3.1.1 The Assessing Officer was not satisfied with the explanation of the appellant and disallowed interest @ 12% on this advance. The disallowance worked out to Rs. 33,92,141/-.

3.2 During the course of appellate proceedings, the Ld. Counsel for the appellant has filed a written submission, which is summarized below:

(i) There was no nexus of funds borrowed and amounts advanced.
(ii) The purpose of acquiring 100% stake in M/s Vardhman Life Sciences (P) Ltd.

was for procurement of main raw materials.

(iii) Currently the appellant is importing raw material from China, thereby incurring huge import cost and irregular supply of the raw material.

(iv) The advance was made for business purpose.

(v) Judgment of Hon'ble Punjab & Haryana High Court in the case of M/s Abhishek Industries Ltd. (286 ITR 1) is not applicable, since advance was made to 100% subsidiary, who was to manufacture the products, which were raw materials for the appellant.

3.3 I have considered the submission of the Ld. Counsel. The interest free advance was given by the appellant to its associate concern - M/s Vardhman Life Sciences (P) Ltd. which was 100% fully owned subsidiary of the appellant. The purpose of acquiring 100% stake in this company has been explained to be the procurement of raw materials, but this subsidiary company actually had not started functioning / manufacturing. Thus, the impugned advance given to the subsidiary was not for procuring the raw materials, but for starting the business of the subsidiary. Hence, the advance cannot be treated to have been given for business purposes and the ratio of the judgment of Hon'ble Punjab & Haryana High Court in the case M/s Abhishek Industries Ltd. (surpa) will be applicable. 3.3.1 The contentions of the Ld. Counsel that the appellant had sufficient reserves in the beginning of the year is also not relevant in view of the judgment of Hon'ble Punjab & Haryana High Court in the case of M/s Abhishek Industries Ltd. (supra), in which it was held:

" The entire money in a business entity comes in a common kitty. The moneys received as share capital, as term loan, as working capital loan, as sale proceeds etc., do not have any colour. Whatever are the receipts in business, they have the colour of business receipts and have no separate identification. Sources have no concern whatsoever."

3.3.2 In view of the above. It is held that proportionate interest u/s 36(1)(iii) is to be disallowed on the advance given to M/s Vardhman Life Sciences Private Ltd. The disallowance made by the Assessing Officer is accordingly confirmed. Ground of appeal No. 2 is dismissed.
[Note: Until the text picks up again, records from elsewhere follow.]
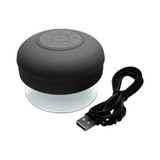 A waterproof Bluetooth speaker in black with a suction base and a USB charging cable.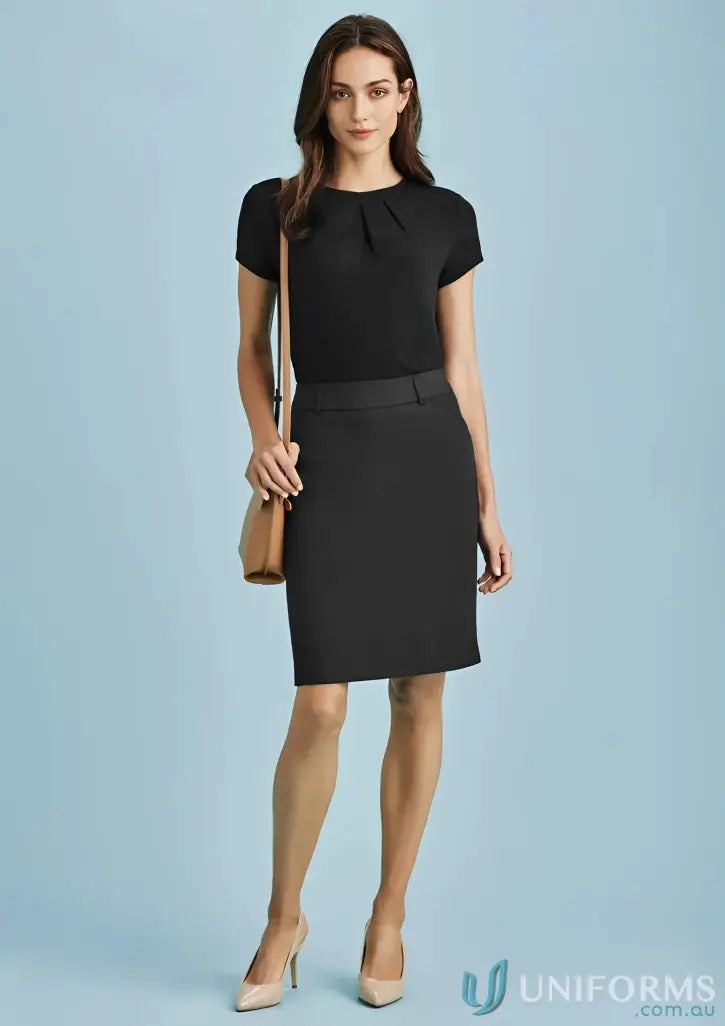 Woman in black blouse and cool stretch bamboo charcoal stretch multi-pleat skirt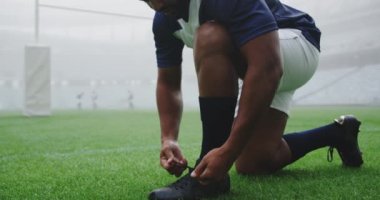 Stadyumda ayakkabı bağı bağlayan Afrikalı Amerikalı rugby oyuncusunun yakın çekimi. Takım arkadaşları arka planda 4k oynuyorlar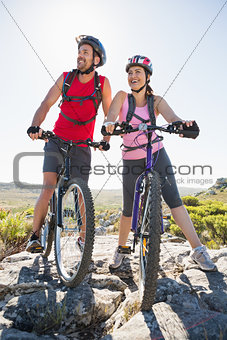 Fit cyclist couple looking ahead on mountain trail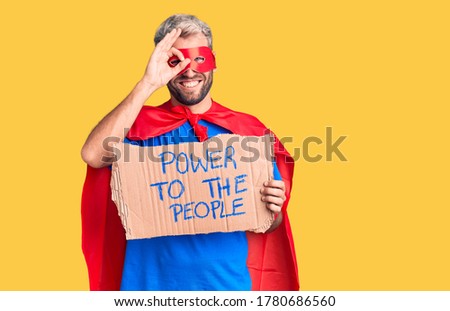 Young blond man wearing super hero custome holding power to the people cardboard banner smiling happy doing ok sign with hand on eye looking through fingers 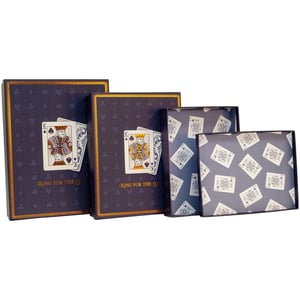 Elevate your gift packaging or storage solutions with our charming King For The Day 3 Nested Shirt Boxes. Perfect for adding a touch of regal elegance, this set features three beautifully designed boxes that fit neatly inside one another.

Each box boasts a sophisticated dark blue finish, adorned with a subtle card suit pattern and a striking King of Hearts motif, complete with a golden border for a luxurious feel. The interior of the smaller boxes reveals a playful scattering of King of Hearts cards, adding an extra layer of delight.

Ideal for presenting shirts, ties, or other special gifts, these versatile boxes also make stylish storage solutions for any home. Offer your customers a truly memorable unboxing experience or a chic way to organise their treasures. Sold as a single pack containing all three nested boxes.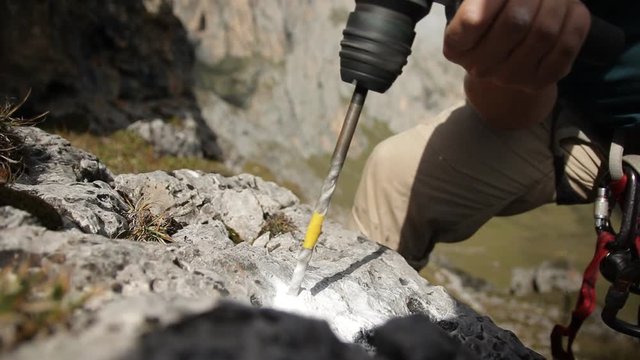 Close-up of the hammer drill a hole in the rock.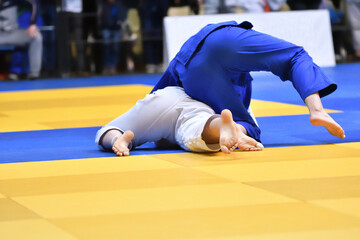 Two Girls judoka in kimono compete on the tatami 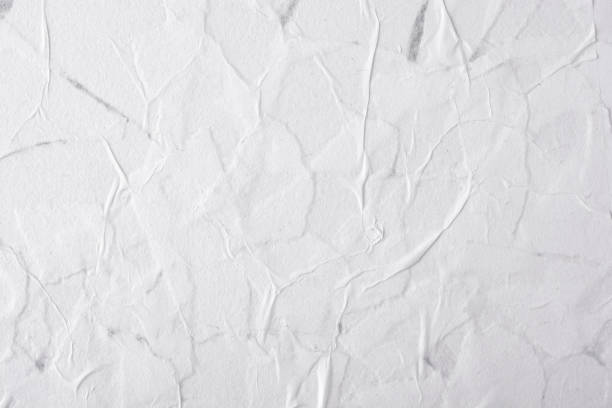 istock Abstract background of white crumpled paper. 1369603258
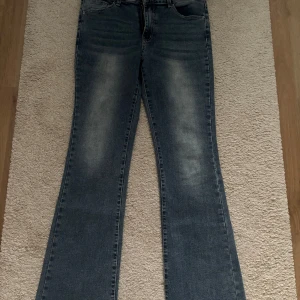 Blå bootcut jeans med broderade bakfickor - Säljer ett par blå bootcut jeans med snygga broderade detaljer och knappar på bakfickorna. Jeansen har en klassisk tvätt och normal passform, perfekta till vardags. Fickor både fram och bak. Passat för storlek XL då de är stretchiga i midjan 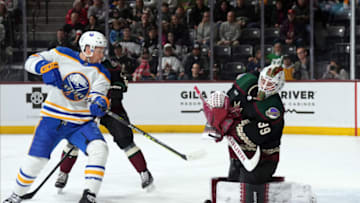 Dec 17, 2022; Tempe, Arizona, USA; Arizona Coyotes goaltender Connor Ingram (39) makes a save in front of Buffalo Sabres left wing Jeff Skinner (53) during the first period at Mullett Arena. Mandatory Credit: Joe Camporeale-USA TODAY Sports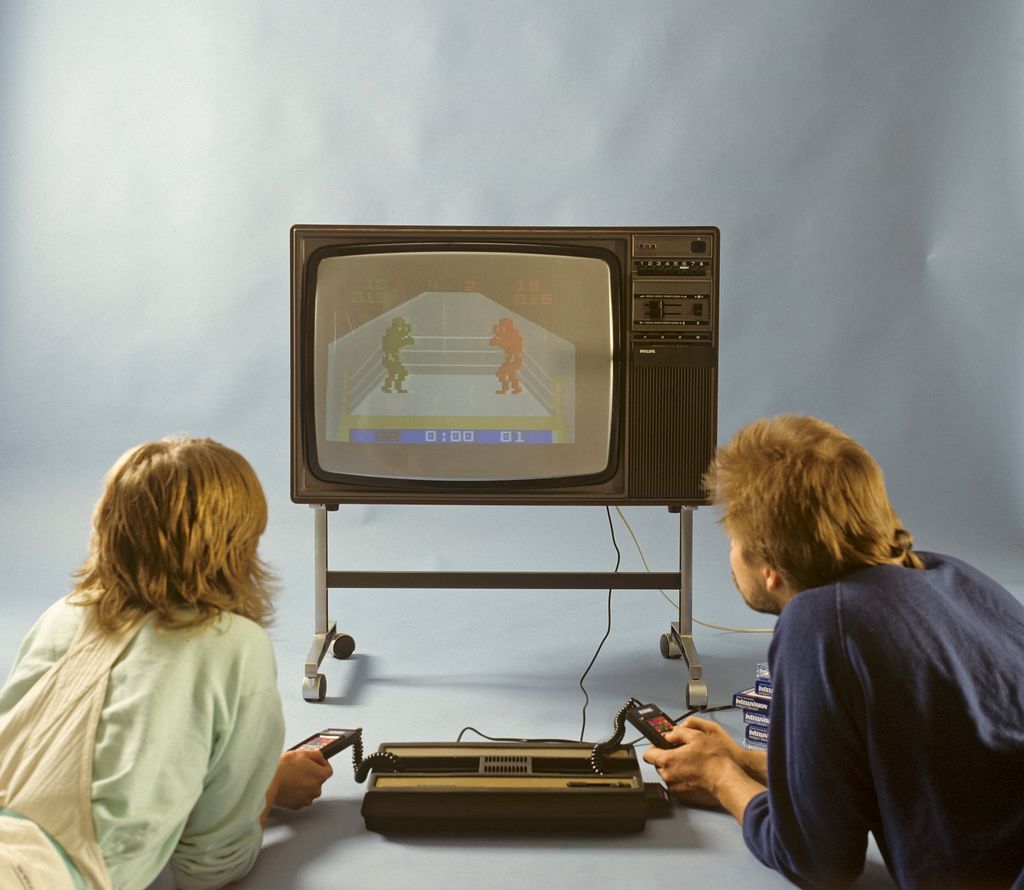 Home video games in the 1980s. A home video game console from Intellivison released by Mattel electronics in 1979. Pictured two people playing a boxing game on a television set. (Photo by SjÃ¶berg BildbyrÃ¥/ullstein bild via Getty Images)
11. Before us the Ld. AR reiterated the contention made before the Ld. CIT(A) and stated that the advance had been made for business purposes and therefore there was no question of disallowing any interest under section 5 36(1)(iii) of the Act. Ld. AR drew our attention to the findings of the Ld. CIT(A) at para 3.3 of his order in this regard and stated that the fact that the advance had been made to its 100% subsidiary which was to manufacture the main raw material being used by the assessee company has not been controverted by the lower authorities. Ld. AR stated that the Ld. CIT(A) has held the advance to be for non business purposes merely for the reason that the subsidiary company had not started functioning or manufacturing during the year. The Ld. AR stated that the fact that the subsidiary company was to manufacture the main raw material to be used by the assessee company has not been disputed by the Ld. CIT(A), it therefore cannot be stated that the advance had not made for the purpose of the business of the assessee. Ld. AR relied upon the decision of the Hon'ble Supreme Court in the case of Hero Cycles (P) Ltd. Vs. CIT(Ludhiana) in Civil Appeal No. 514 of 2008 dt. 05/11/2015 and the Jurisdictional High Court in the case of Bright Enterprises(P) Ltd Vs. CIT, Jalandhar in ITA No. 224 of 2013 dt. 24/07/2015 in this regard.
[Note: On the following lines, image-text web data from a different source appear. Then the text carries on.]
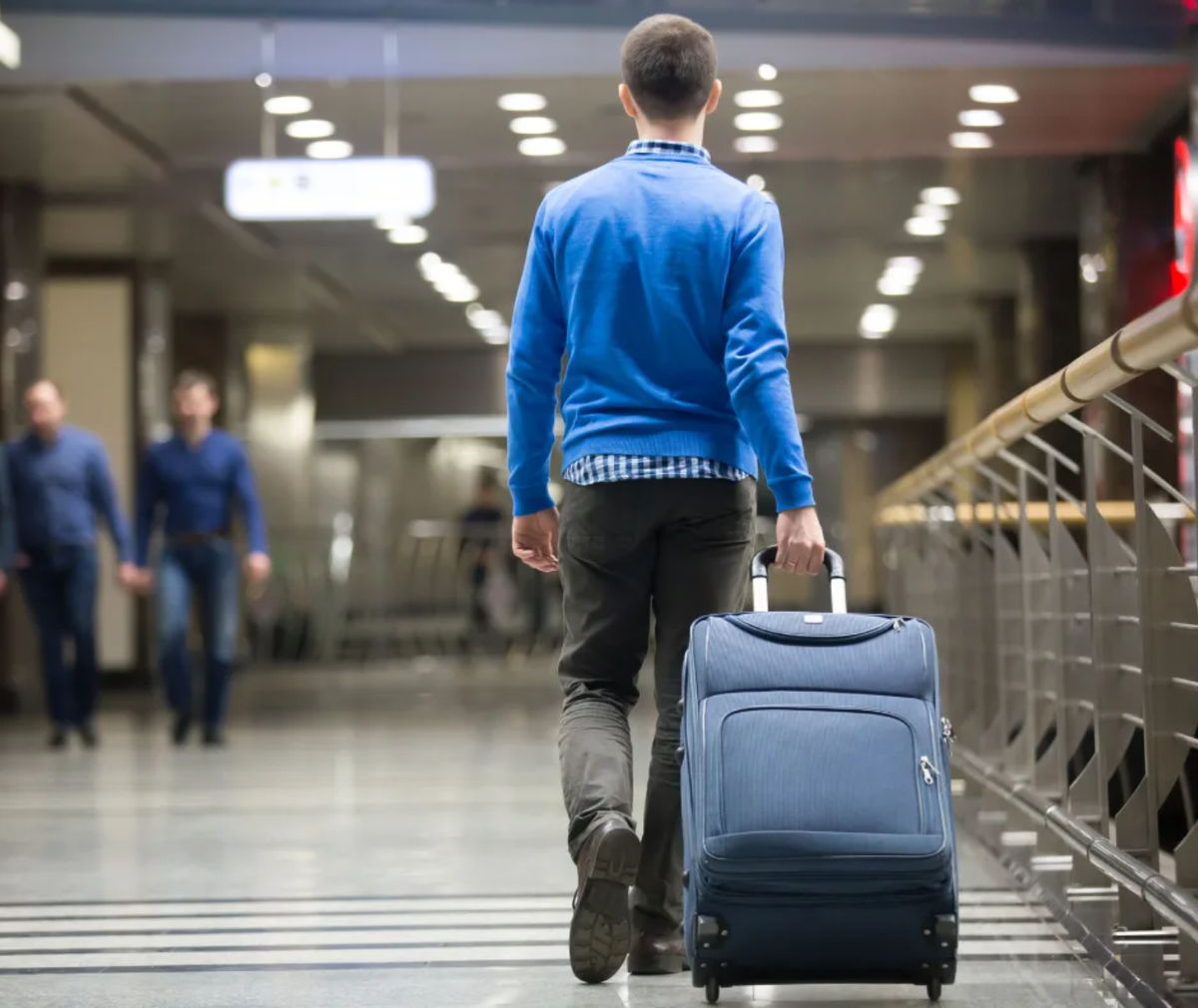 Сын переезжает в другой город. Люди с чемоданами в аэропорту. Человек с чемоданом. Мужчина с чемоданом. Мужчина в аэропорту.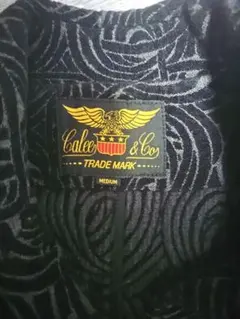 最終値下げ 美品 レア CALEE コート ブラック 総柄 スパイラル柄 M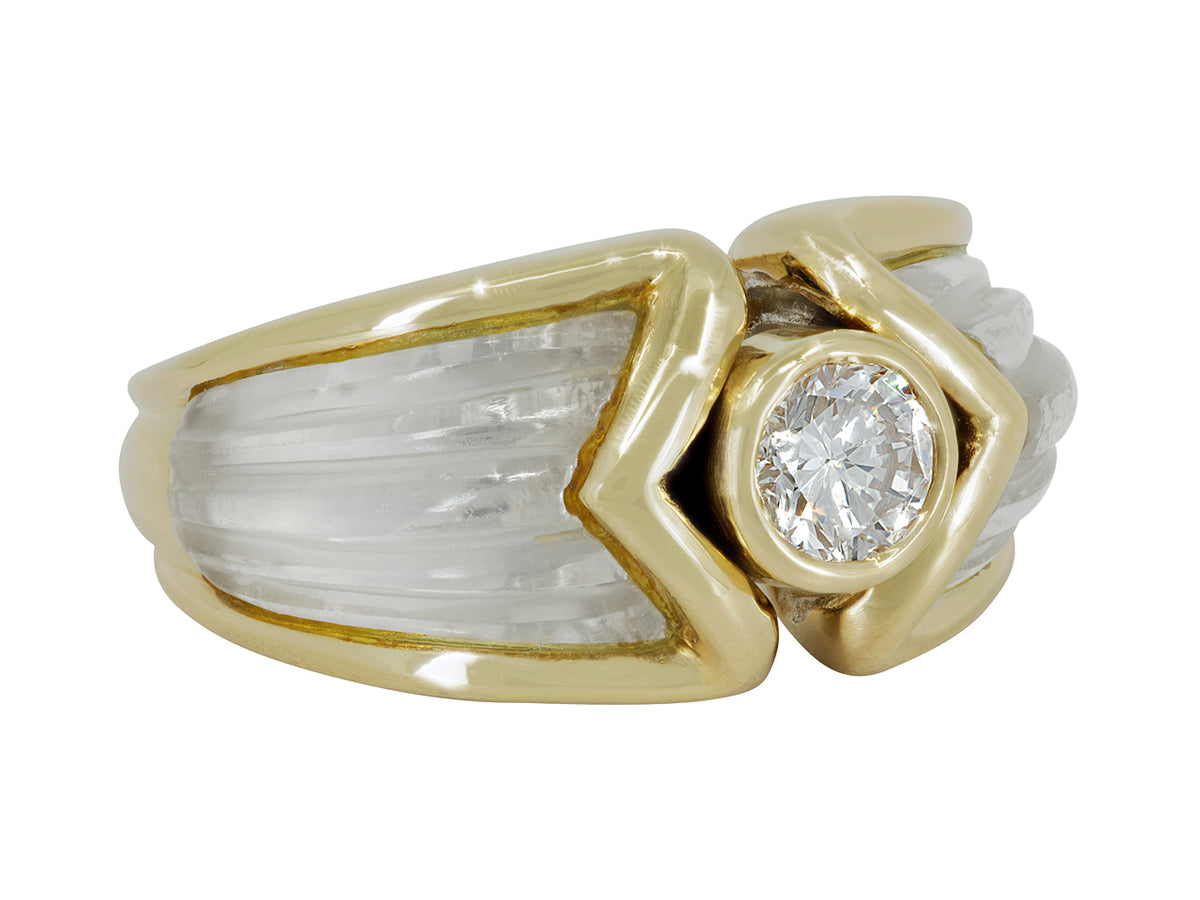 Bezel set diamond ring with rock crystal shoulders in 18K gold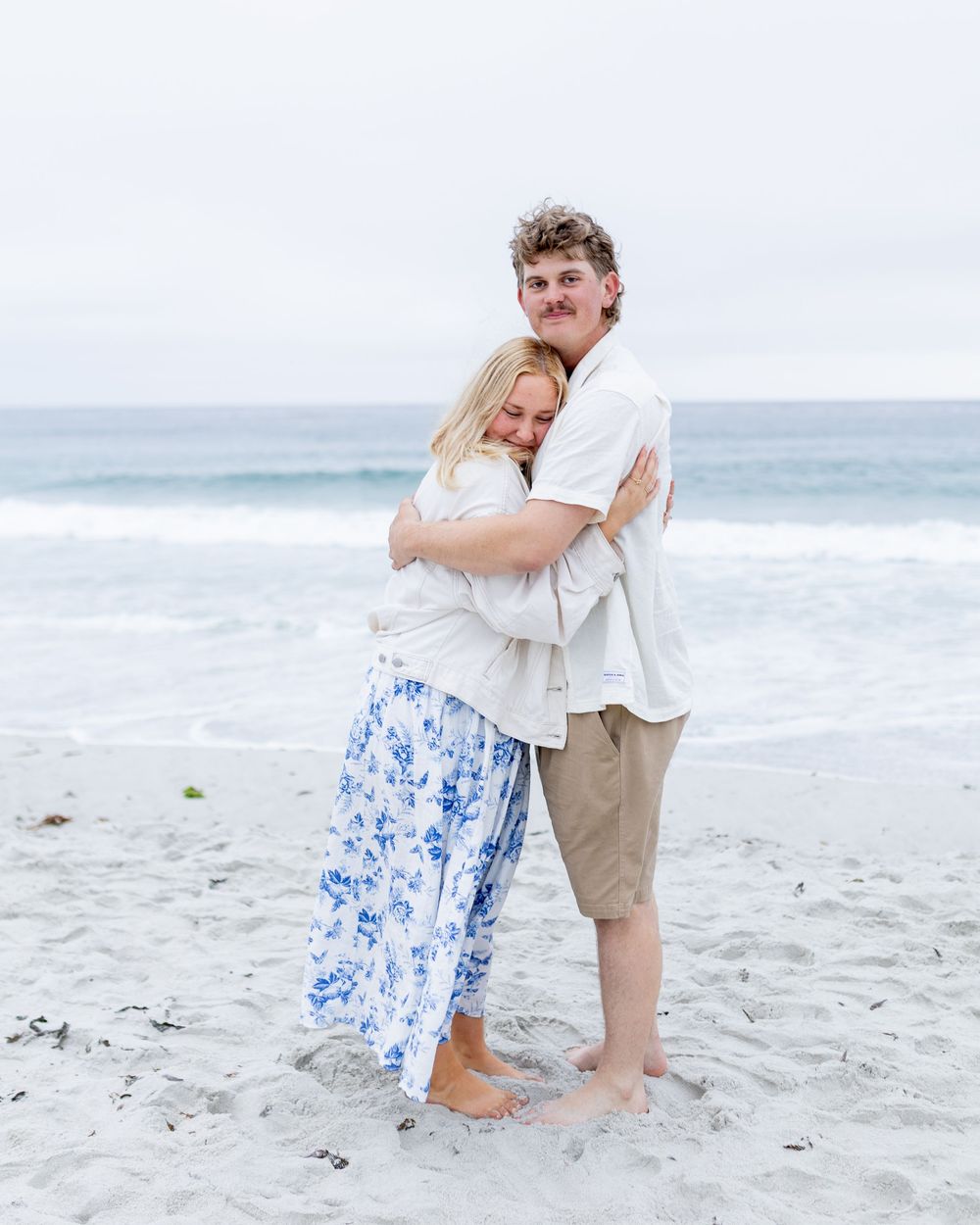 A couple embraces on a sandy beach, woman in floral skirt and man in white shirt, with ocean waves in the background.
12. Ld. DR on the other hand relied upon the order of the Ld. CIT(A) and stated that the subsidiary company had not started functioning / manufacturing in the impugned year and therefore the advance could not be said to have been given for procuring raw material and in fact the advance had been given for starting the business of the subsidiary and hence Ld. DR stated that advance could not be said to have been given for the business purpose of the assessee. Ld. DR relied upon the following case laws in support of its contention:

Orbit Resorts (P) Ltd. (2011)14 Taxman 174, ITAT, Chd.
C.R. Auluck & Sons (P) Ltd. Vs. CIT(2014) 49 Taxman.com 21 P&H

13. We have heard the contention of both the parties and perused the documents placed before us as also the orders of the authorities below. 6 We find merit in the contention of the Ld. AR that the impugned advance had been made for the business purpose of the assessee. The fact that the M/s Vardhman Life Sciences Private Ltd. is an 100% subsidiary of the assessee company is not in dispute. The fact that M/s Vardhman Life Sciences Private Ltd. was to manufacture raw material which was required by the assessee company in its manufacturing process and which it was currently importing from China incurring huge cost and irregularity in supply, has also not been controverted by the Revenue. In the light of the such factual position undeniably the advance had been given for the business purpose of the assessee to enable it to procure raw material from its associate concern at cheaper price and also ensure regular supply of the same. The case of the Revenue we find rests on the sole ground that the associate concern i.e; M/s Vardhman Life Sciences Private Ltd. had not actually started functioning or manufacturing during the impugned AY and therefore the advance could not said to be for procuring raw material. We find no merit in this contention of the Revenue. To establish commercial expediency of an advance it is not necessary to establish direct nexus between the advance given and the benefit derived by the assessee. In the present case the advance having been given to a fully owned subsidiary of the assessee which was to manufacture a product which was undeniably the raw material for the assessee company, the advance was clearly given to facilitate the advancement of the business purposes of the assessee company only. Giving of the advance for the business of the subsidiary can be said to be for the purpose of the business of the assessee company only since undeniably the assessee company was to derive benefit from the setting up of the subsidiary company as it would enable it to procure raw material at cheaper cost and also ensure regular supply of the same. The Hon'ble Apex Court has elaborately dealt with the meaning of the expression "commercial expediency" in the context of 7 section 36(1)(iii) in the case of S.A. Builder 288 ITR 1 wherein it has held at para 19, 20, 21, 23, 24, 26, 30, 35, & 36 as follows:

"19. We have considered the submissions of the respective parties. The question involved in this case is only about the allowability of the interest on borrowed funds and hence we are dealing only with that question. In our opinion, the approach of the High Court as well as the authorities below on the aforesaid question was not correct.
20. In this connection we may refer to s. 36(1)(iii) of the IT Act, 1961 (hereinafter referred to as the 'Act') which states that "the amount of the interest paid in respect of capital borrowed for the purposes of the business or profession" has to be allowed as a deduction in computing the income-tax under s. 28 of the Act.
21. In Madhav Prasad Jatia vs. CIT (1979) 10 CTR (SC) 375 : AIR 1979 SC 1291, this Court held that the expression "for the purpose of business" occurring under the provision is wider in scope than the expression "for the purpose of earning income, profits or gains", and this has been the consistent view of this Court.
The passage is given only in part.